Nanette is a comedy special (Netflix) by Australian comic Hannah Gadsby. It takes place at the Sydney Opera House and it’s part punchline, part deep personal revelations on gender, sexuality and her childhood. Ben Blair and I watched it the other night and I can’t stop thinking about it. I’m not the only one — do a search for “nanette netflix,” and you’ll get a whole list of think pieces about it (the Atlantic shared one today). Nanette is really, really good. A true example of vulnerable art. I hope you get to watch it asap.
In the show, Hannah talks about many, many things. And one of those things is the fallacy of “separating the art from the artist” when it comes to men who abuse their power. Hannah’s degree is in art history and she hates Picasso — he was misogynist, abused women, and destroyed the lives of his “muses.” Here’s a short excerpt of a radio interview where she talks more about him.

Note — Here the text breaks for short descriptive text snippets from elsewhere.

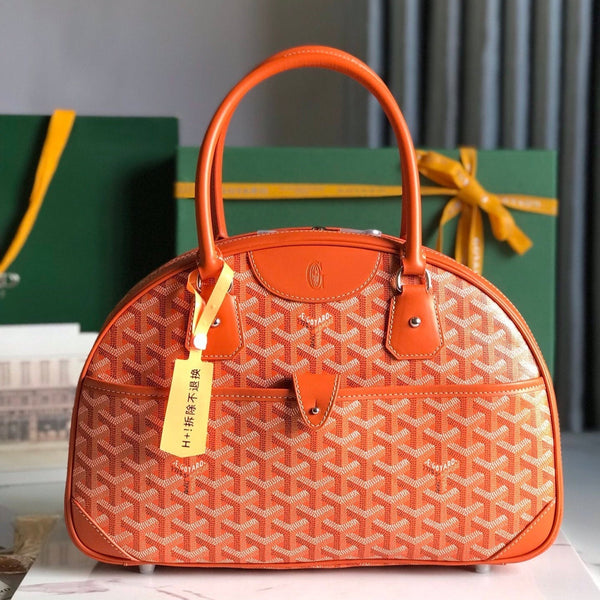 BORSA SAINT JEANNE 35 IN TELA GOYARDINE ROSSO ARANCIO E PELLE DI VITELLO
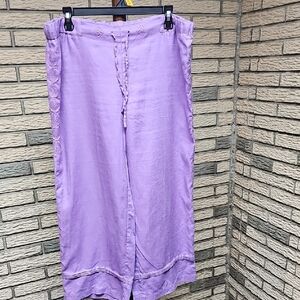 Liz Claibourne Livvy 100% Linen Cropped Pants New Condition Lavendar Sz 12
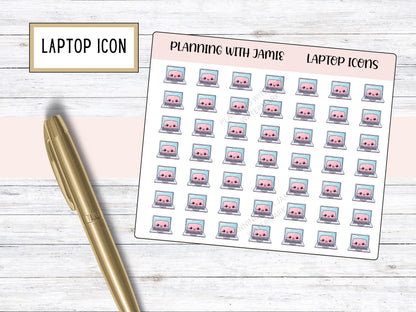 LAPTOP ICON STICKER, Planner Stickers, Computer Stickers, Laptop Sticker, Laptop Icon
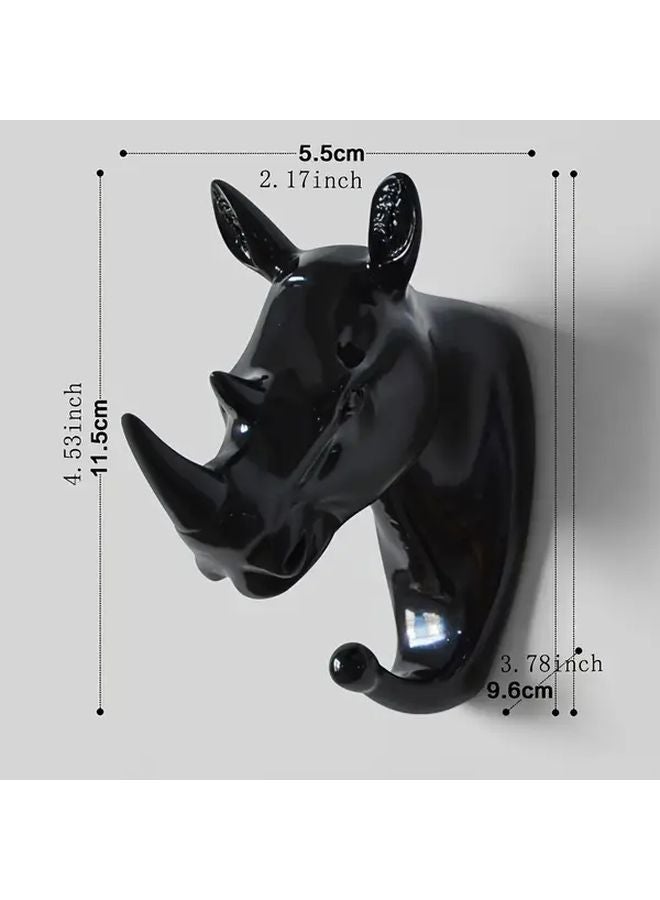 رأس وحيد القرن الأسود خطاف مقاوم للصدأ معلق حائطي قوي اللصق لا حاجة للحفر - Image 1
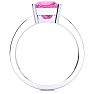 Square Step Cut 1 7/8ct Pink Topaz and Diamond Ring in 14K White Gold Image-3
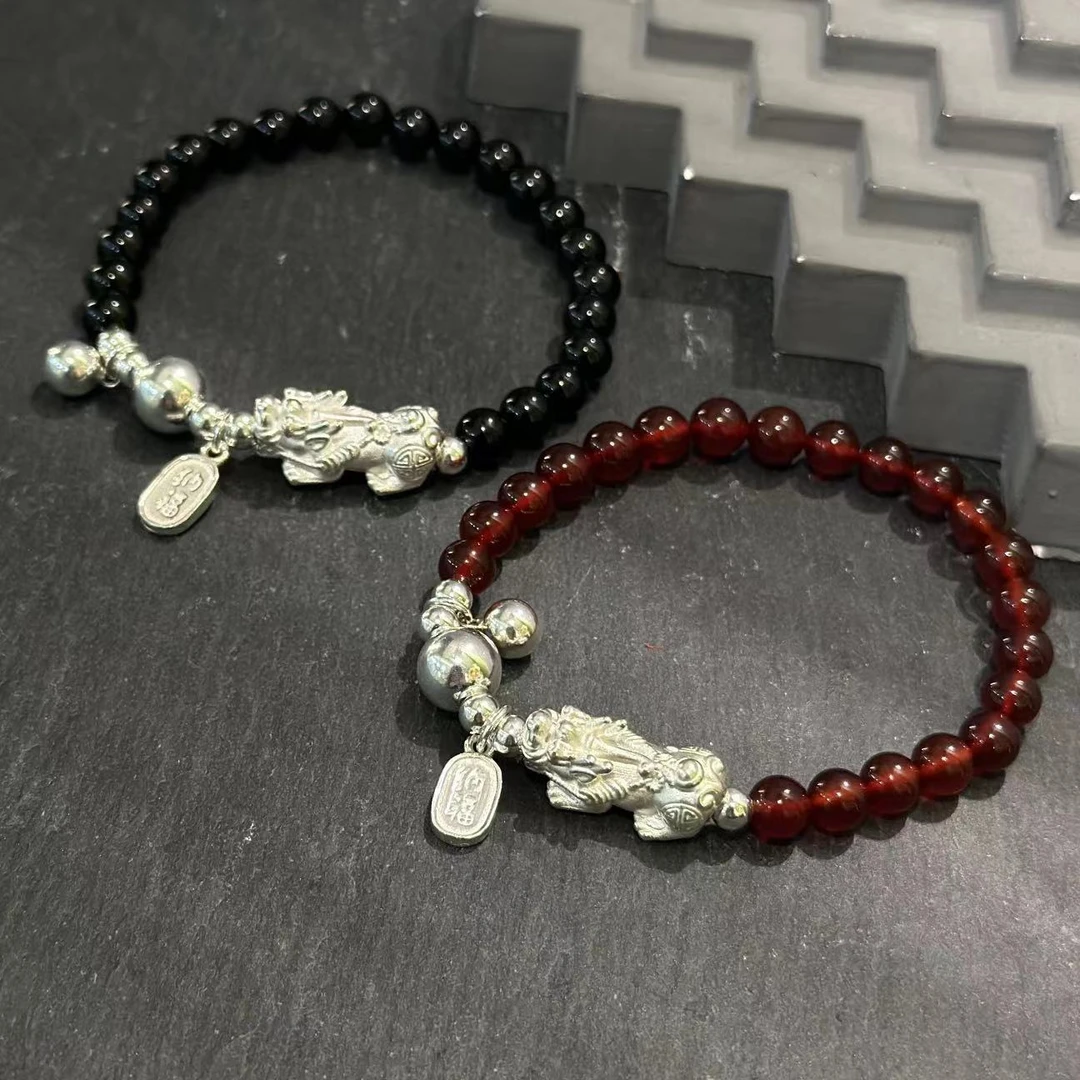 925银仿水晶手链 新中式古风貔貅珠珠手链  23122809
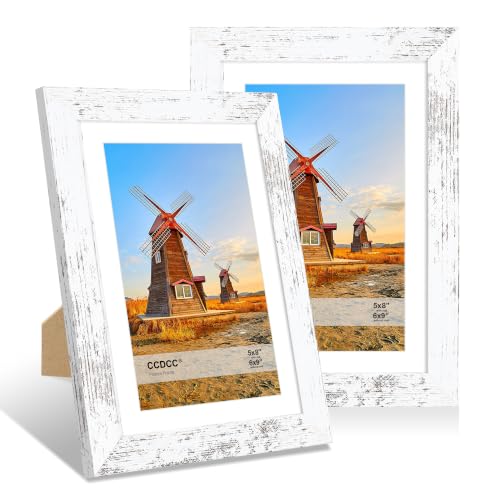 ccdcc 6x9 Wood Picture Frame with Real Glass Cover and Mat for 5x8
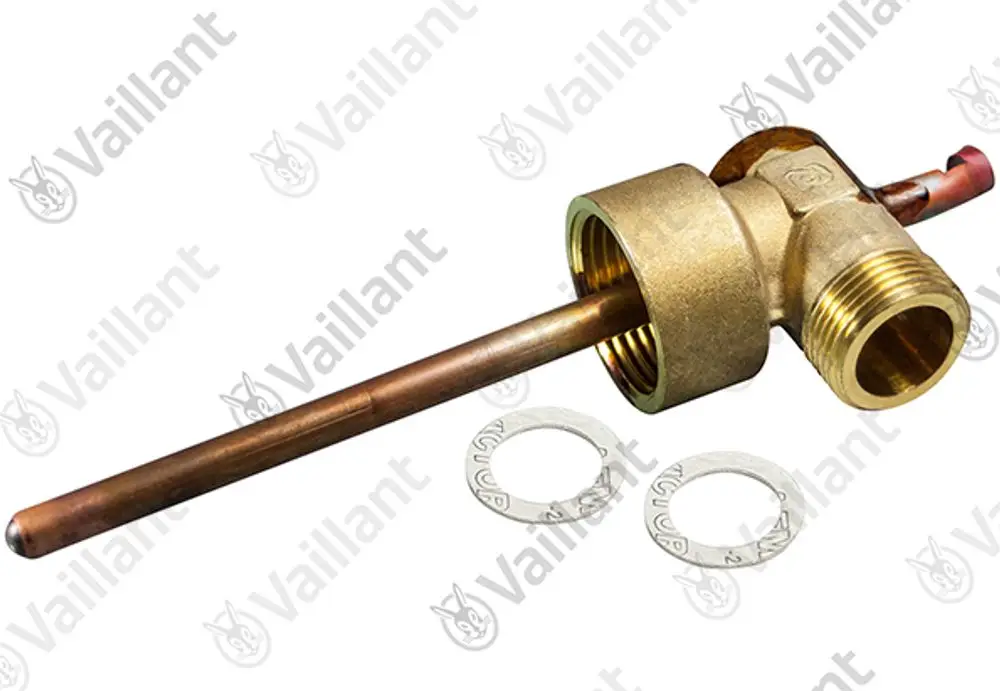 Vaillant Anschlussstück mit einer Kupferleitung, einer Gewindeverbindung und zwei Unterlegscheiben daneben.
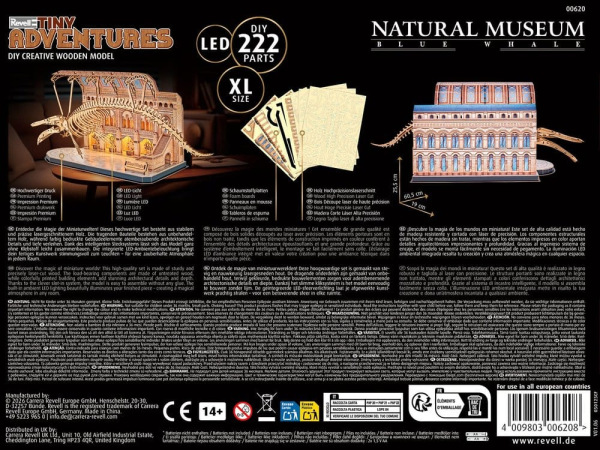 Revell Tiny Adventures Natural Museum 3D Wooden Puzzle Blue Whale 61 cm 4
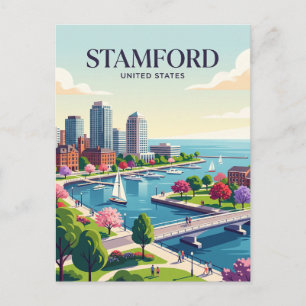 Stamford Connecticut Postkarte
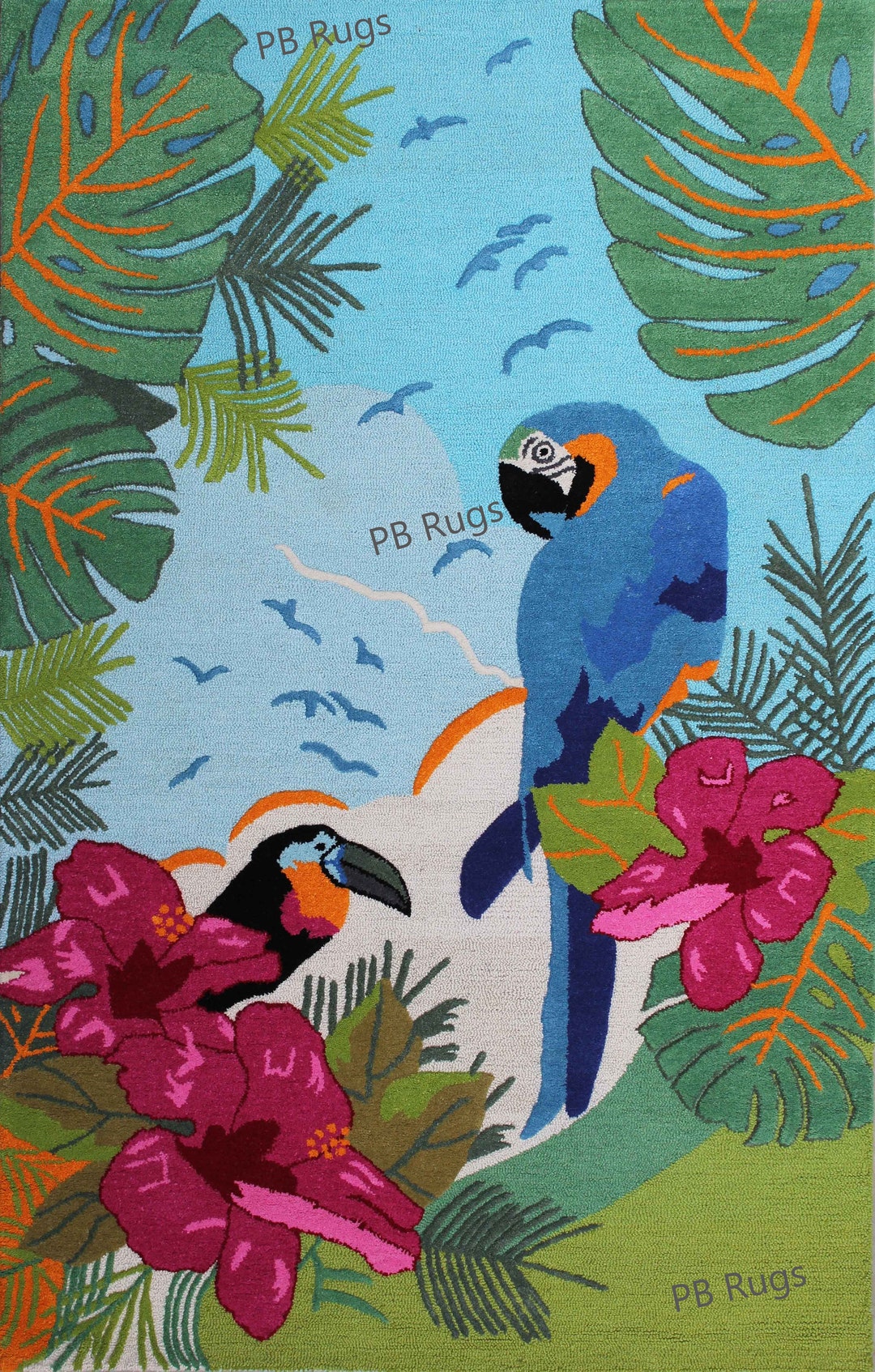 Parros Rugs New American Parrot Birds 5 'x 8' Multi Color Handmade Tufted Modern ...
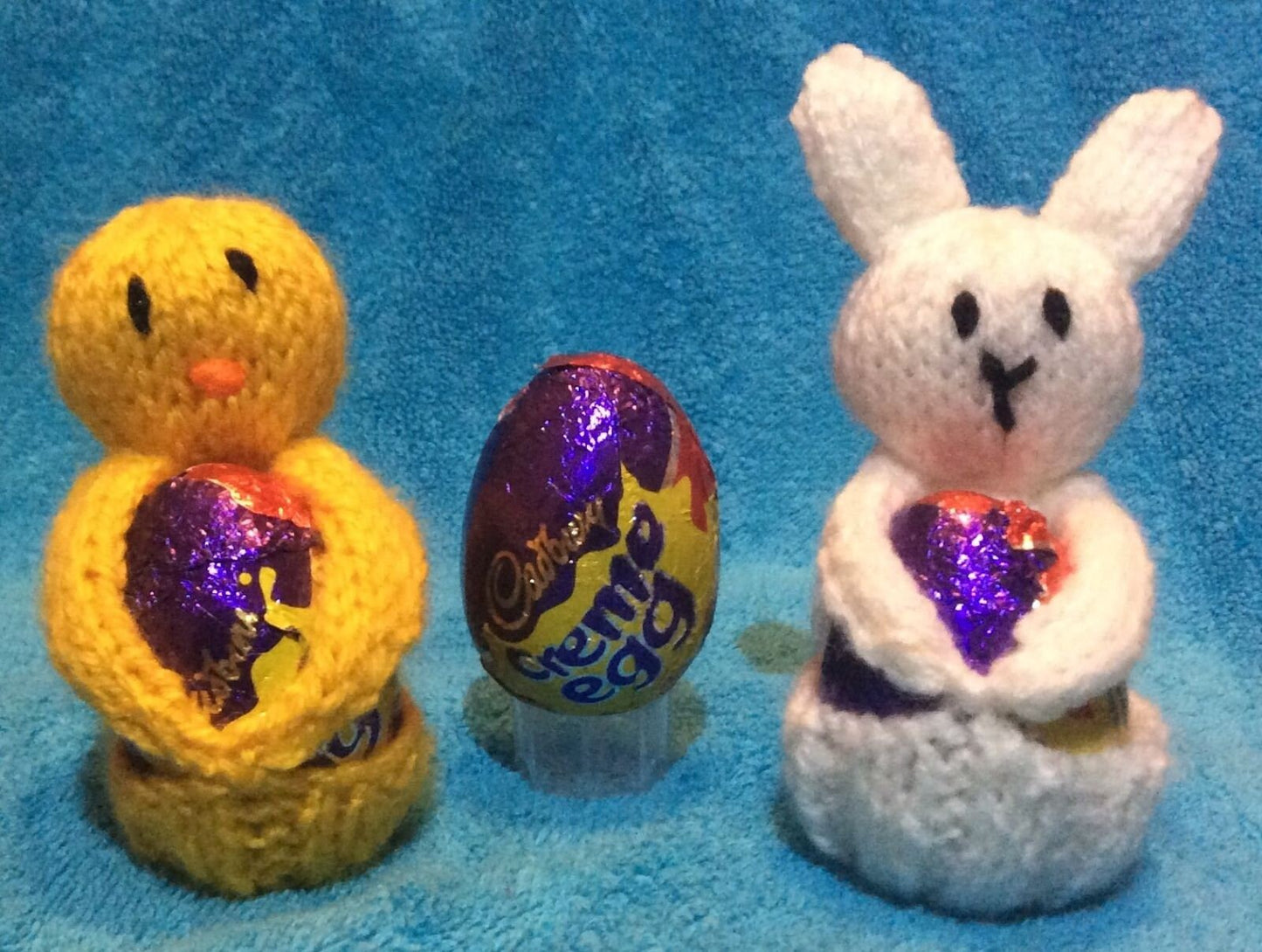 KNITTING PATTERN - Bunny and Chick Easter Egg Covers fits Chocolate Cream egg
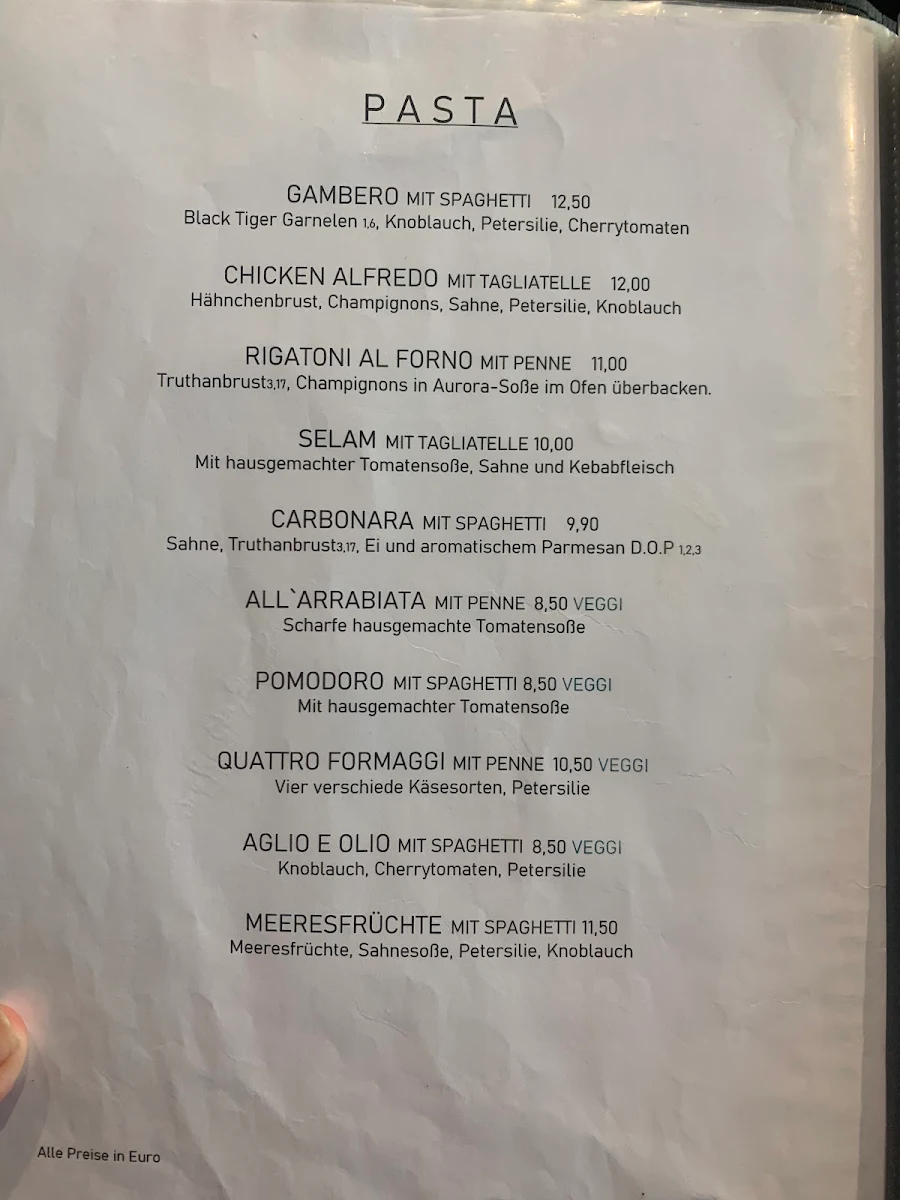 Speisekarte, SELAM Restaurant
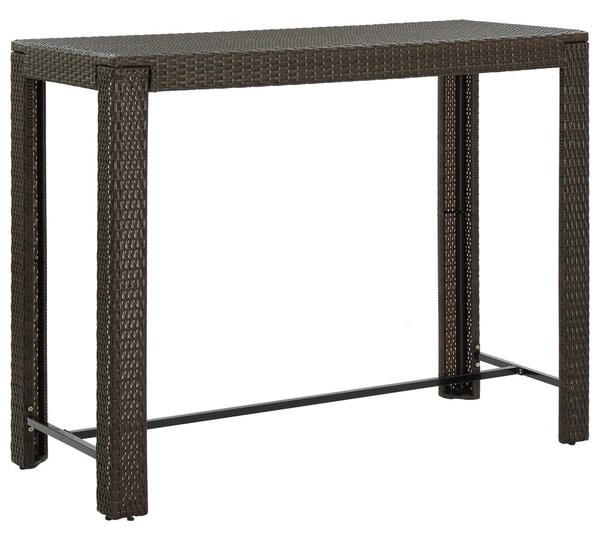 Ogrodowy stolik barowy, brązowy, 140,5x60,5x110,5 cm, rattan PE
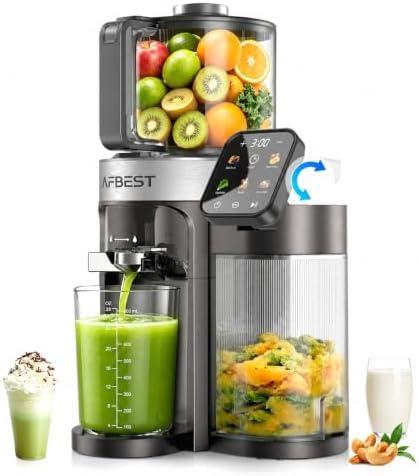 AFBEST Latest Cold Press Juicer Machine,6.5" Wide Chute,Easy to Clean | 100oz Self-Feeding Hopper,3-in-1 Smart Touchscreen Masticating Juicer for Whole Fruits,Sorbet and Nut Milk,High Yield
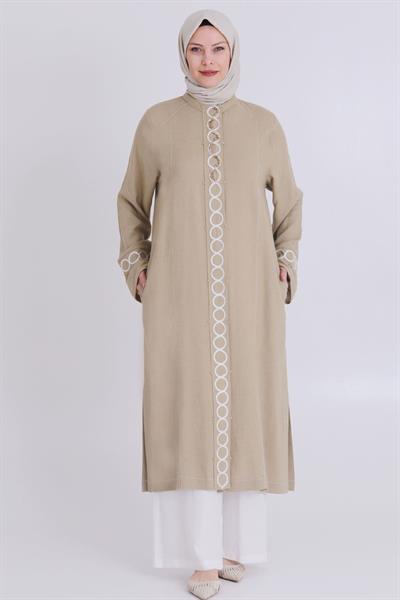 Behrem Büyük Beden Keten Takım Camel OTW35120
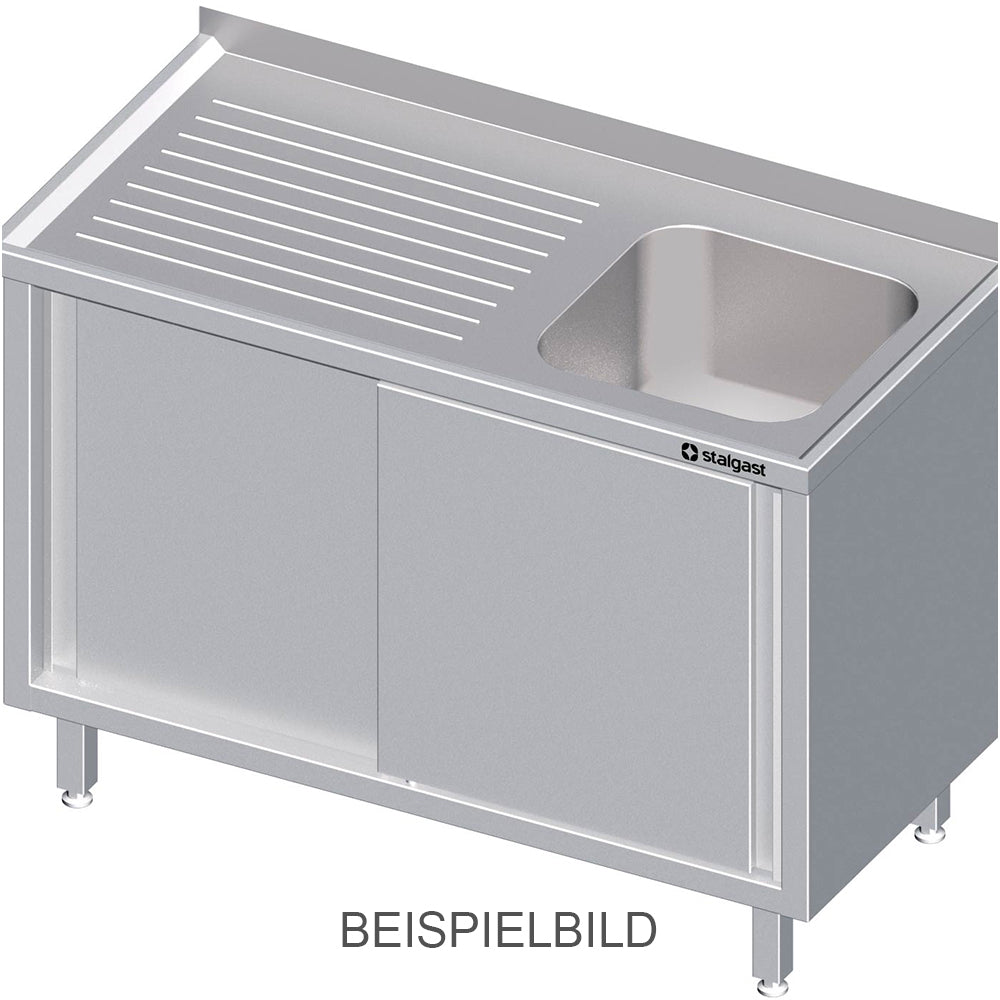 Stalgast Spülschrank mit Schiebetüren, 1800x700x850 mm, mit einem Becken rechts, mit Aufkantung, verschweißt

Do You Separate The Art From The Artist?
It has me trying to identify the personal allowances I’ve made for crappy men, and how I want to respond differently moving forward. For example, it was easy for me to say I’m no longer going to support Louis CK’s work (by watching it, paying for it, or promoting it), but that’s because his work never appealed to me. It’s easy for me to do the same thing with Woody Allen’s work because I don’t consider it a loss if I never see most of his movies again. But I admit, I find myself trying to justify making Midnight in Paris an exception, because I have so many happy memories of watching it with my family.
Basically, if there’s an actual personal sacrifice involved, I find myself wanting to wimp out. Pretty crappy of me. And what if I apply the same filter (of not supporting the work of awful men whether they are dead or alive) to the art and museum world? A world that I take much joy in? I wonder: What percentage of the collections of the nation’s top museums would still be viewable?
As I was thinking about this, I saw the image above, posted by my friend addyeB, an artist and a woman of color. I LOVE the whole concept. I’m way into the idea that certain artists’ work will be devalued because of their sexism and misogyny. I’ve never heard it predicted before, but now I want it to happen. And I want to support galleries, collections and whole museums that showcase artists who aren’t awful men.
Where do you fall on the idea to separate the art from the artist? Do you feel it can be done? Do you feel it should be done? Or do you feel the whole idea is flawed and problematic? Is there an artist — across any field — whose work you have rejected or abandoned because you found them to be viciously flawed? And which flaws do you consider normal human flaws versus deeply problematic ones? Do you feel differently if an artist is dead? Do you feel differently if the art was made in another era? Have you had the chance to watch Nanette? I’d love to hear your thoughts.